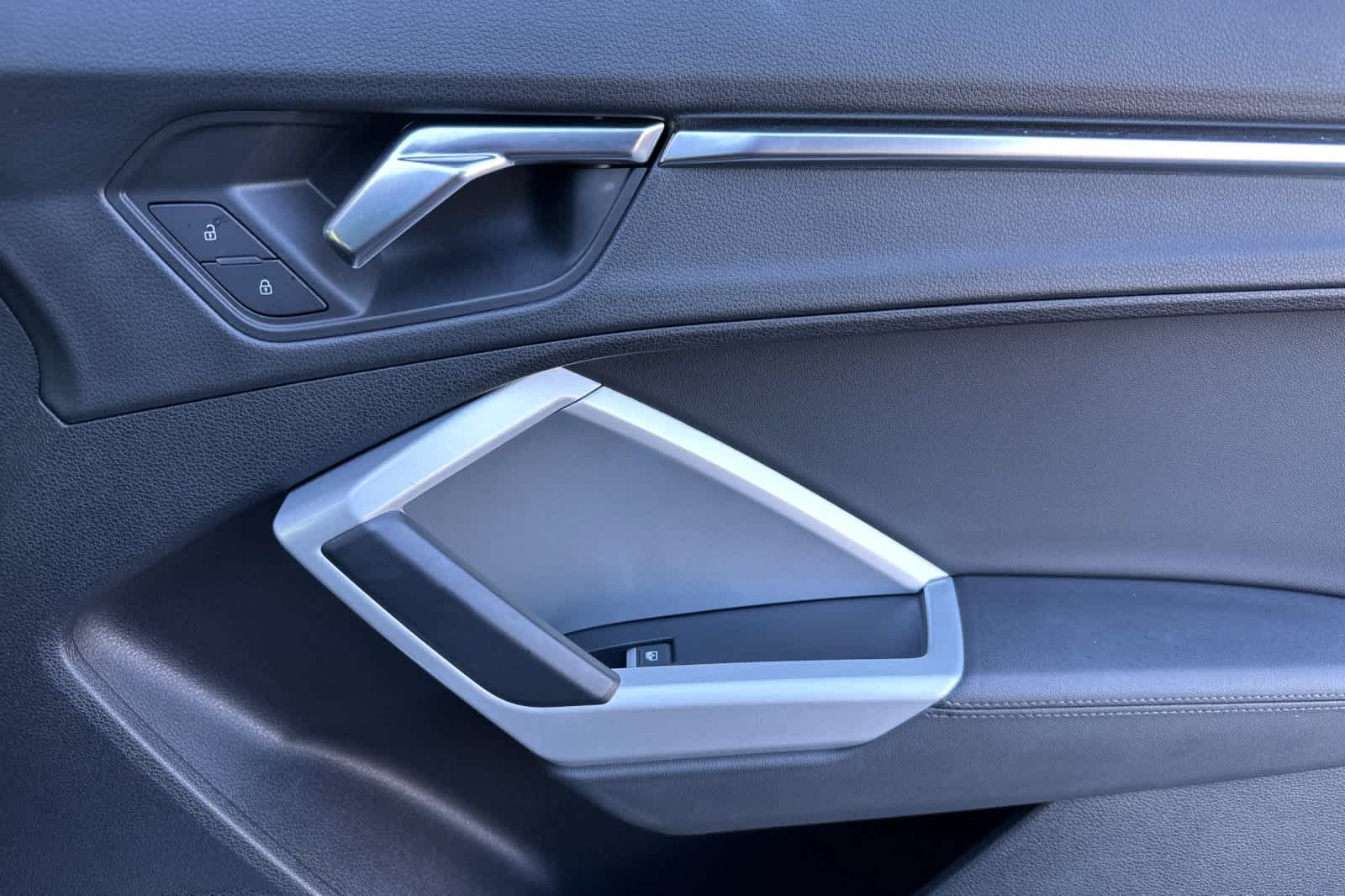 Thumbnail: 2020 Audi Q3 - 19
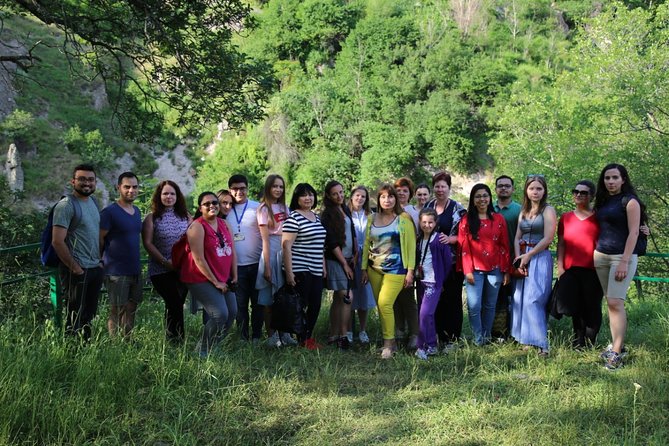 Private tour to Hin Areni winery, Tatev monastery & ropeway, Khndzoresk caves - Who should choose this tour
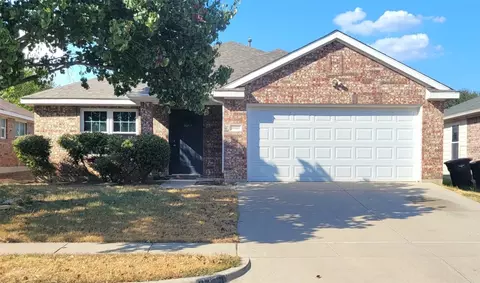 8345 Horseshoe Bend Dr, Fort Worth, TX 76131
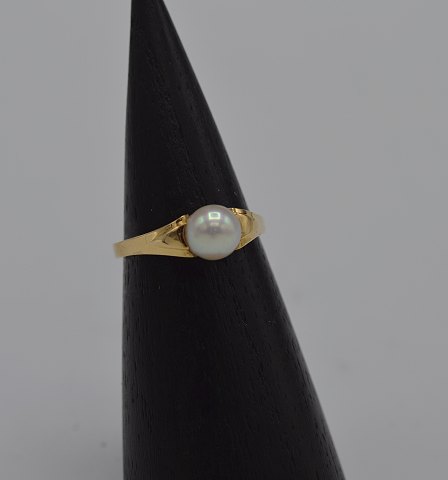 18k guldring m. perle. Str. 54,5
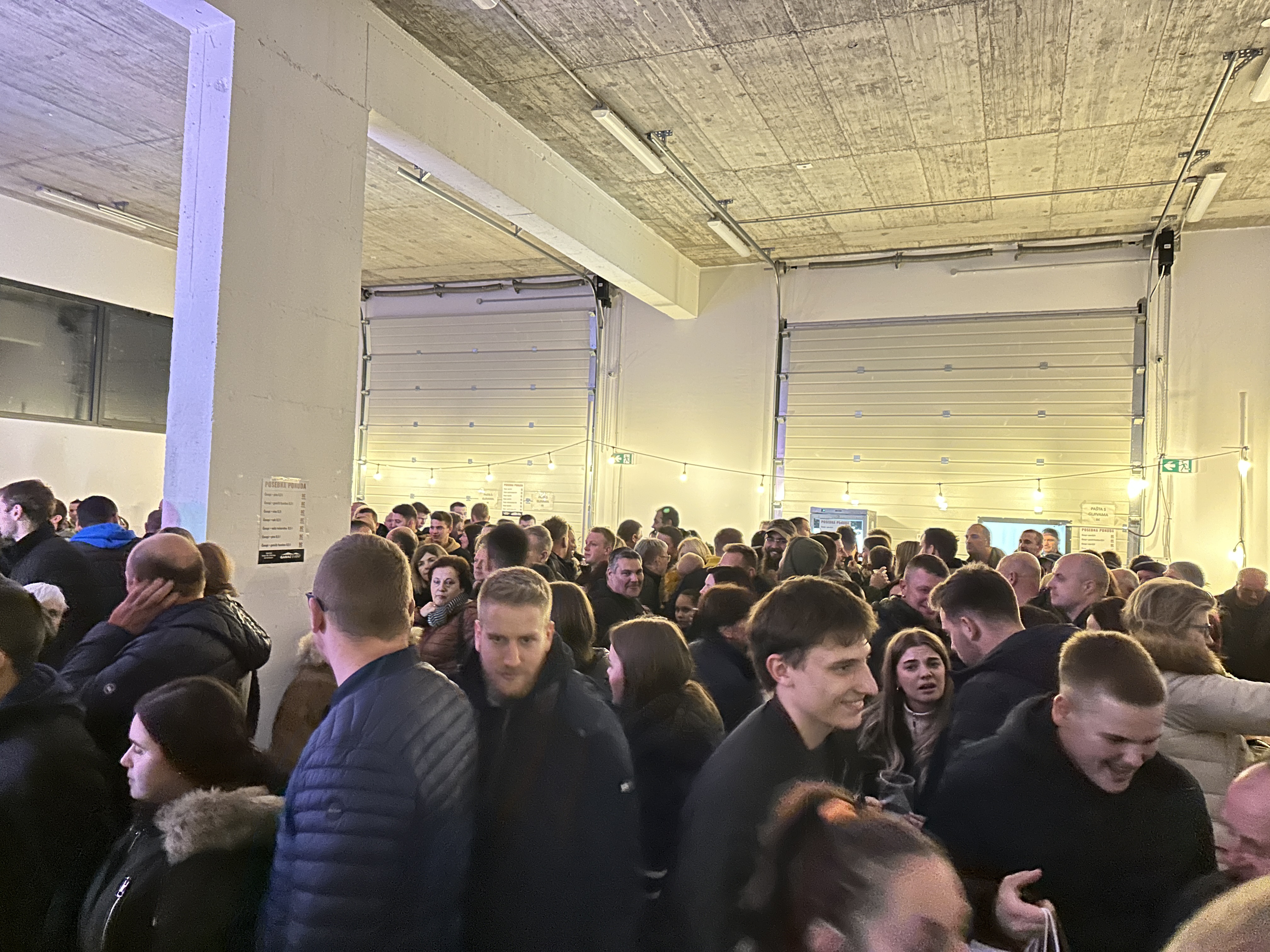 FANTASTIČNA ATMOSFERA U SV. KATARINI! Proglašeni dobitnici Smotre mladog maslinovog ulja Istočne Istre 
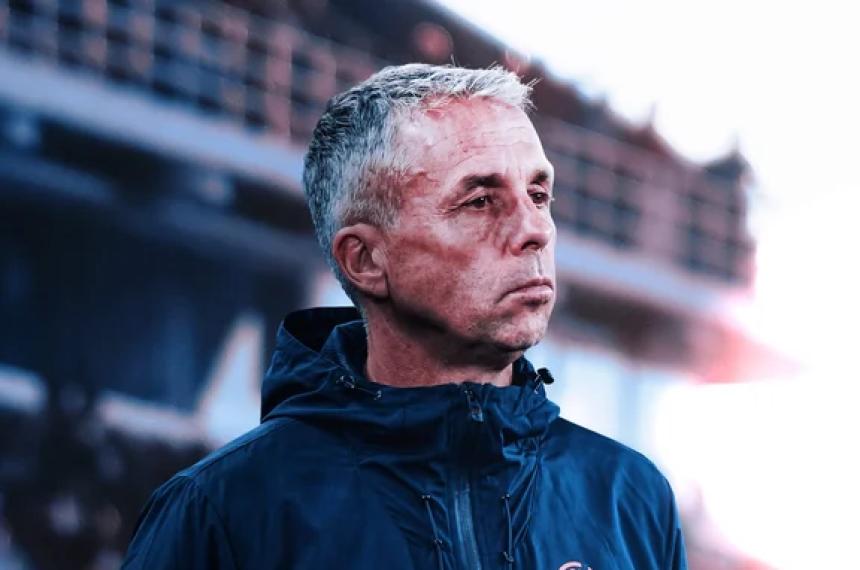 Álvarez de 53 años llega al Ciclón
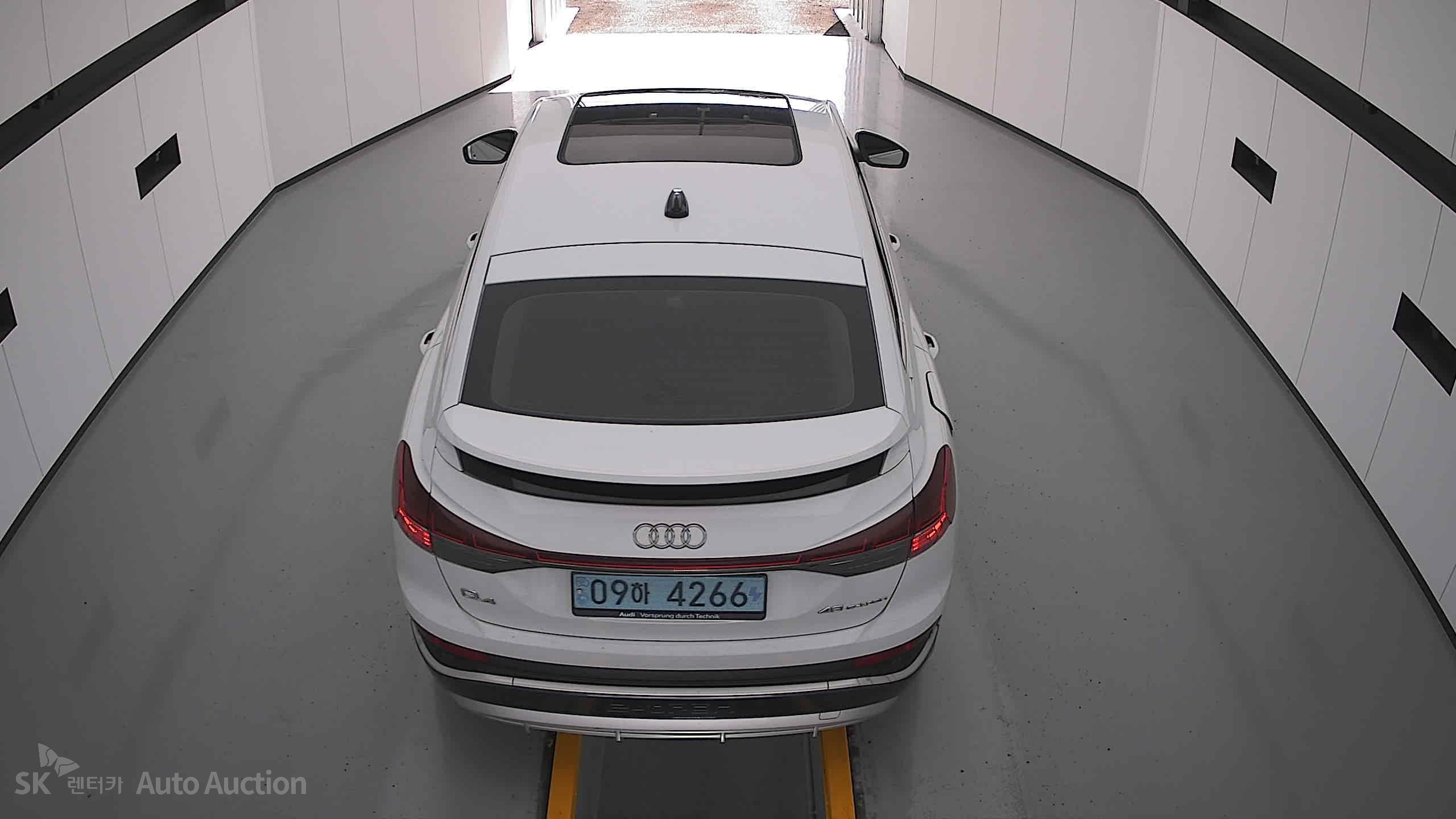 2022 - audi q4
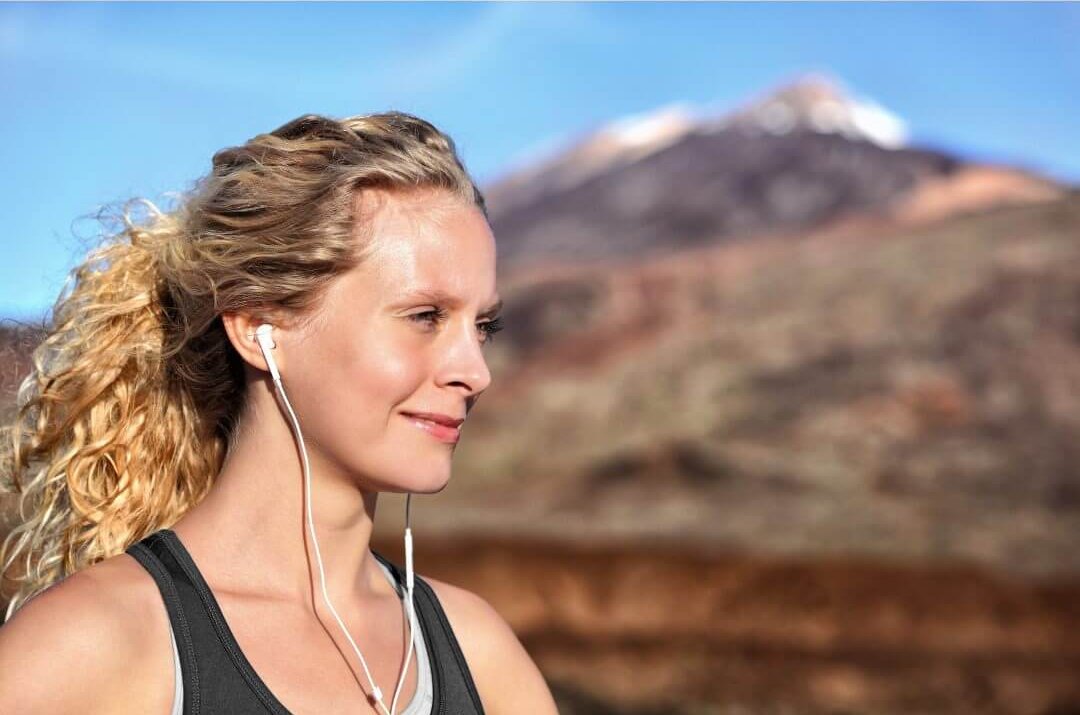 ランニング中のイヤホンは禁止にすべき？音楽のメリットとデメリットを現役ランナーが解説！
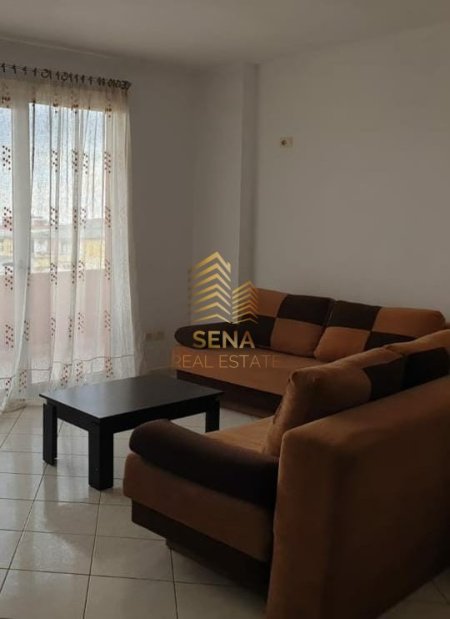 Tirane, jepet me qera apartament 2+1+Ballkon Kati 6, 100 m² 350 € (Rruga Muhamed Deliu)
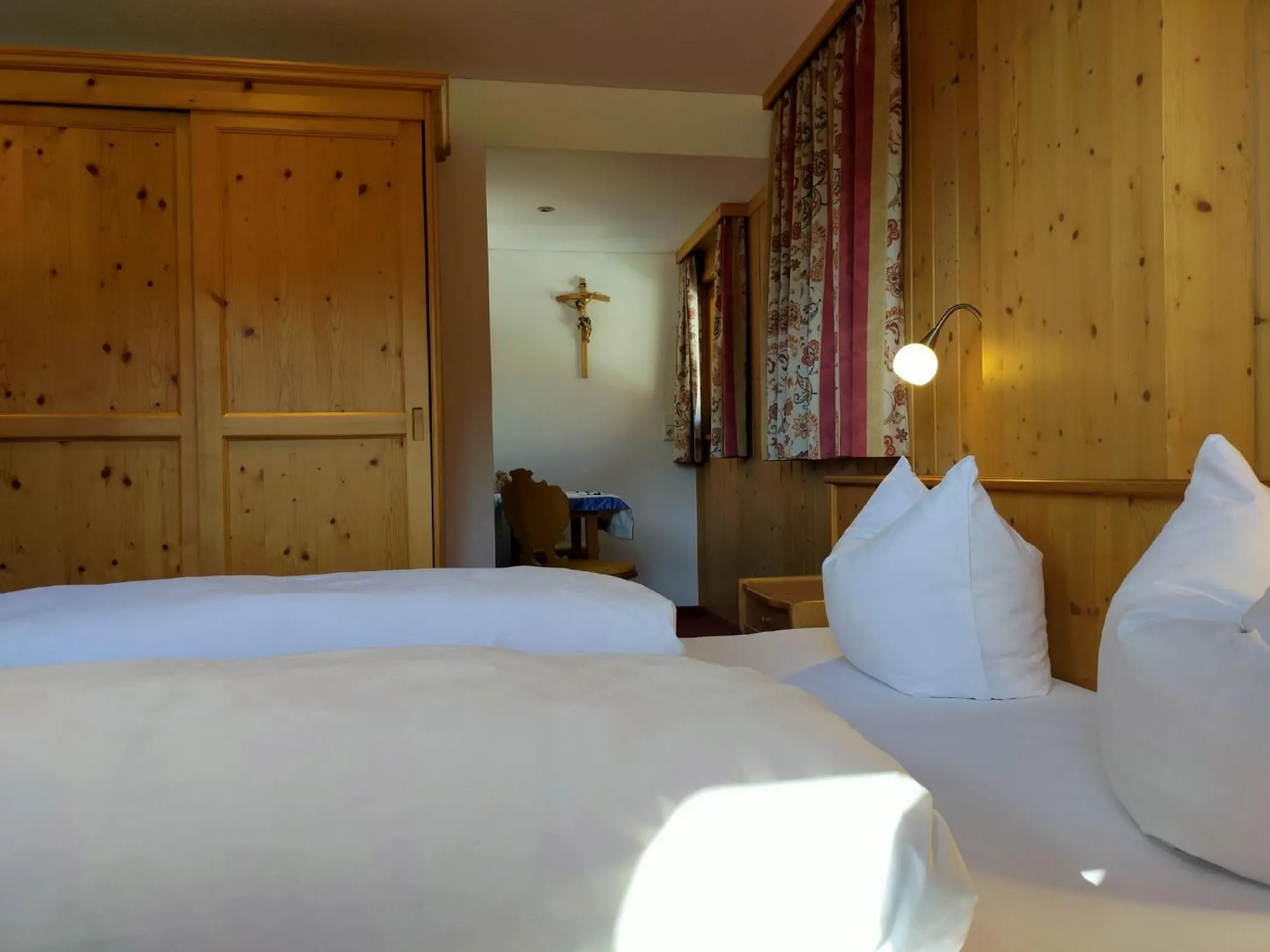 Bedroom, Bed in Pension Edelweiss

★ ★ ★ ★

**Work order:** Nothing but the lines from the one with "FANTASTIČNA ATMOSFERA U" through the last line of the material above should appear in the answer, each copied exactly, with no pictures.

**Task answer:**
 FANTASTIČNA ATMOSFERA U SV. KATARINI! Proglašeni dobitnici Smotre mladog maslinovog ulja Istočne Istre 
 Álvarez de 53 años llega al Ciclón
 2022 - audi q4
 ランニング中のイヤホンは禁止にすべき？音楽のメリットとデメリットを現役ランナーが解説！
 Tirane, jepet me qera apartament 2+1+Ballkon Kati 6, 100 m² 350 € (Rruga Muhamed Deliu)
 Bedroom, Bed in Pension Edelweiss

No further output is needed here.